BEIJING, May 30, 2016 /PRNewswire/ -- eLong, Inc. ("eLong" or the "Company") (NASDAQ: LONG), a leading mobile and online travel service provider in China, announced today that, at an extraordinary general meeting held today, the Company's shareholders voted in favor of the proposal to authorize and approve the previously announced agreement and plan of merger (the "merger agreement") dated February 4, 2016 and amended on April 1, 2016 by and among China E-dragon Holdings Limited ("Parent"), China E-dragon Mergersub Limited ("Merger Sub") and the Company, pursuant to which Merger Sub will be merged with and into the Company with the Company continuing as the surviving company as a wholly-owned subsidiary of Parent after the merger (the "merger"), and to authorize and approve any and all transactions contemplated by the merger agreement, including the merger.
Immediately after the completion of the merger, Parent will be beneficially owned by (i) TCH Sapphire Limited, an affiliate of Tencent Holdings Limited, (ii) C-Travel International Limited, an affiliate of Ctrip.com International, Ltd., (iii) Ocean Imagination L.P., (iv) Luxuriant Holdings Limited, (v) Seagull Limited, (vi) Oasis Limited, an entity controlled by Mr. Hao Jiang, the Chief Executive Officer of the Company, and (vii) Mr. Rong Zhou, the Chief Operating Officer of the Company.

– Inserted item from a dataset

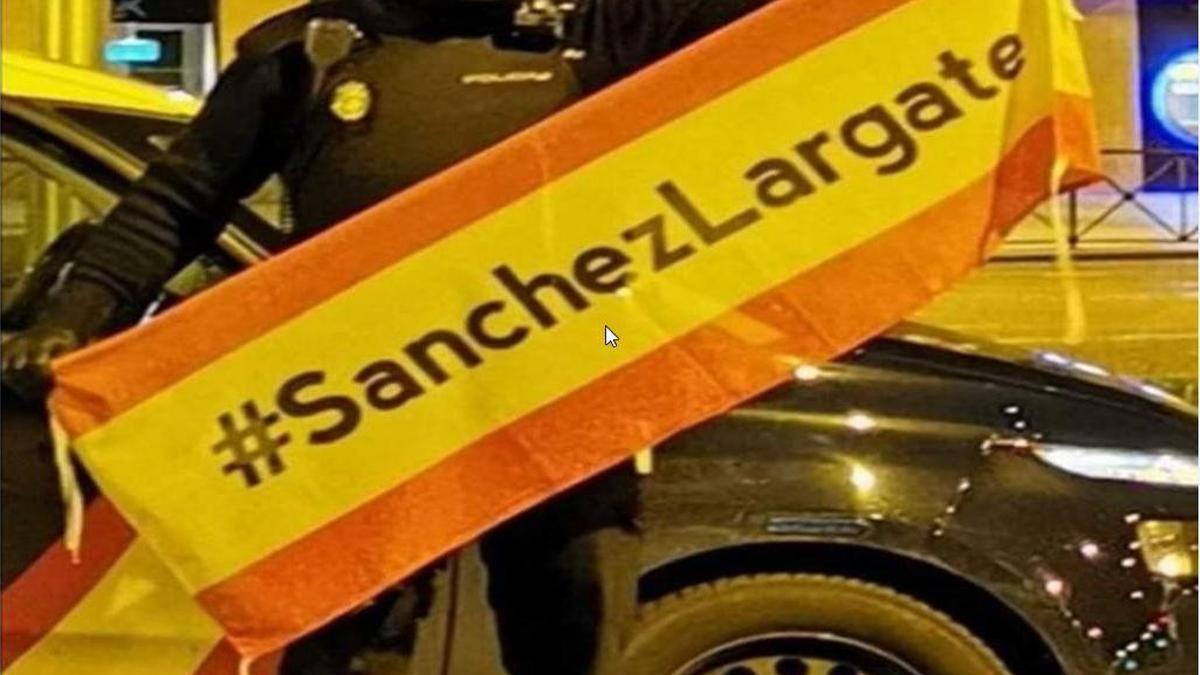 Un supuesto policía uniformado junto a su coche patrulla, en una imagen difundida este viernes en X.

Approximately 76.215% of the Company's total outstanding voting ordinary shares, each of which is entitled to one vote, and all of the Company's outstanding high-vote ordinary shares, each of which is entitled to fifteen votes, representing approximately 98.183% of the total voting power of the Company, voted in person or by proxy at today's extraordinary general meeting. Of the voting power represented by these ordinary shares and high-vote ordinary shares voted in person or by proxy at the extraordinary general meeting, approximately 99.998% were voted in favor of the proposal to authorize and approve the merger agreement and any and all transactions contemplated by the merger agreement, including the merger. A two-thirds majority of the voting power represented by the ordinary shares of the Company present and voting in person or by proxy at the extraordinary general meeting was required for approval of the merger. The parties currently expect to complete the merger as soon as practicable, subject to the satisfaction or waiver of the conditions set forth in the merger agreement. Upon completion of the merger, the Company will become a privately held company and its American depositary shares, each representing two ordinary shares designated as "ordinary shares" of the Company, par value US$0.01 per share, will no longer be listed on any stock exchange, including the NASDAQ Global Select Market.
About eLong
eLong, Inc. (Nasdaq: LONG) is a leader in mobile and online accommodations reservations in China. eLong technology enables travelers to book hotels, guesthouses, apartments and other accommodations, as well as air and train tickets, through convenient mobile and tablet applications, websites (www.eLong.com), 24 hour customer service, and easy to use tools such as destination guides, maps and user reviews.
Safe Harbor Statement
Any statements in this announcement about prospective performance and plans for the Company, the expected timing to completion of the proposed merger and the ability to complete the proposed merger, and any other statements containing the words "anticipate," "believe," "estimate," "expect," "forecast," "intend," "may," "plan," "project," "predict," "future," "is/are likely to," "should" and "will" and similar expressions, other than historical facts, constitute forward-looking statements within the meaning of Section 27A of the Securities Act of 1933, as amended, Section 21E of the Securities Exchange Act of 1934, as amended, and as defined in the Private Securities Litigation Reform Act of 1995. These statements are, by their nature, subject to a number of risks and uncertainties that could cause our actual performance and results to differ materially from those discussed in the forward-looking statements.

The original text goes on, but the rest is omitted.